Are all combinations equal? Combining textual and visual features with multiple space learning for text-based video retrieval

Pytorch Implementation of the $T \times V$ model, presented at the CVEU workshop@ECCV 2022. Based on previous ATT-ATV and SEA implementations.

From D. Galanopoulos, V. Mezaris, "Are all combinations equal? Combining textual and visual features with multiple space learning for text-based video retrieval", Proc. European Conference on Computer Vision Workshops (ECCVW), Oct. 2022. https://cveu.github.io/2022/papers/0010.pdf
Text-based video retrieval software. The datasets of the Ad-hoc Video Search (AVS) Task of NIST's TRECVID (a typical benchmarking activity for evaluating such methods) are used for evaluation.
The software provided in the present repository can be used for training the proposed $T \times V$ model, using multiple textual and visual features.

Main dependencies

Developed, checked, and verified on an Ubuntu 20.04.3 PC with an NVIDIA RTX3090 GPU. Main packages required:

`Python`	`PyTorch`	`CUDA Version`	`cuDNN Version`	`PyTorch-Transformers`	`NumPy`
3.7(.13)	1.12.0	11.3	8320	1.12	1.21

Data

Datasets

In our AVS experiments, the proposed $T \times V$ model is trained using a combination of four large-scale video captioning datasets: MSR-VTT, TGIF, ActivityNet and Vatex. For validation purposes, during training, we use the Video-to-Text Description dataset of TRECVID 2016 (tv2016train). To evaluate the performance, the IACC.3 and V3C1 TRECVID AVS datasets are used. To download TRECVID datasets please refer to the original TRECVID AVS page.

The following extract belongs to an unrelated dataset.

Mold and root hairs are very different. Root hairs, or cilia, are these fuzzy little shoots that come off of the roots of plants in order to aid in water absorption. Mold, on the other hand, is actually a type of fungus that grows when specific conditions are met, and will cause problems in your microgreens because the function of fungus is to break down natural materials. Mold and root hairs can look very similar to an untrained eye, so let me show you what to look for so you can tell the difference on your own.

In our MSR-VTT experiments, we experimented with two versions of this dataset: MST-VTT-full and MSR-VTT-1k-A. For both versions, the proposed $T \times V$ model is trained on the training portion of the dataset and evaluated on the testing portion, respectively.

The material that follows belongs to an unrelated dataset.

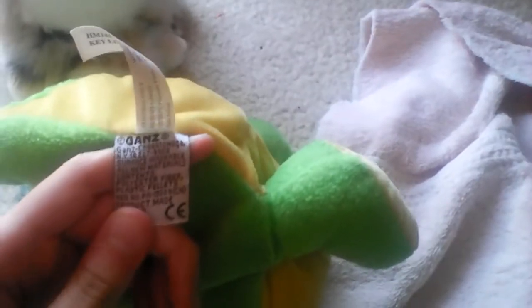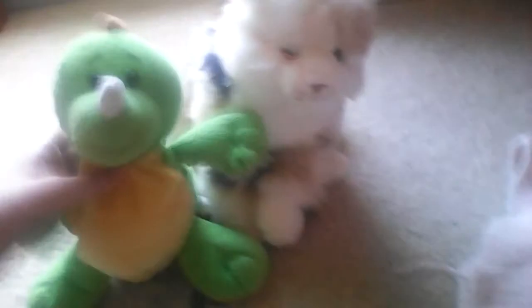It will say Surface Washable — like it says Surface Washable, right there. And that means that you can get your Webkinz wet.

Frame-level video features

We assume that frame-level video features have been extracted. In our experiments, we utilized three different visual features:

ResNet-152 trained on Imagenet 11K
ResNeXt-101 32x16 model pre-trained on weakly-supervised data and finetuned on ImageNet
CLIP ViT-B/32

Please refer to the following to extract visual features:

ResNet-152 from the MXNet model zoo

wget http://data.mxnet.io/models/imagenet-11k/resnet-152/resnet-152-symbol.json
wget http://data.mxnet.io/models/imagenet-11k/resnet-152/resnet-152-0000.params

Alternatively, some pre-calculated visual features for the MSRT-VTT, TGIF and tv2016train datasets (beware: these are different features from the above-described that we used!) can be downloaded from "Ad-hoc Video Search GitHub repository".

Data format

Every frame-level video feature extracted as described above must be stored as a separate txt file of the following format:

<ShotID_1_frameID_01> <dim_1> <dim_2> ... <dim_N>
<ShotID_1_frameID_02> <dim_1> <dim_2> ... <dim_N>
.
.
.
<ShotID_M_frameID_K> <dim_1> <dim_2> ... <dim_N>

Also, different txt files must be created for each available dataset (e.g., the overall training collection, validation, and evaluation).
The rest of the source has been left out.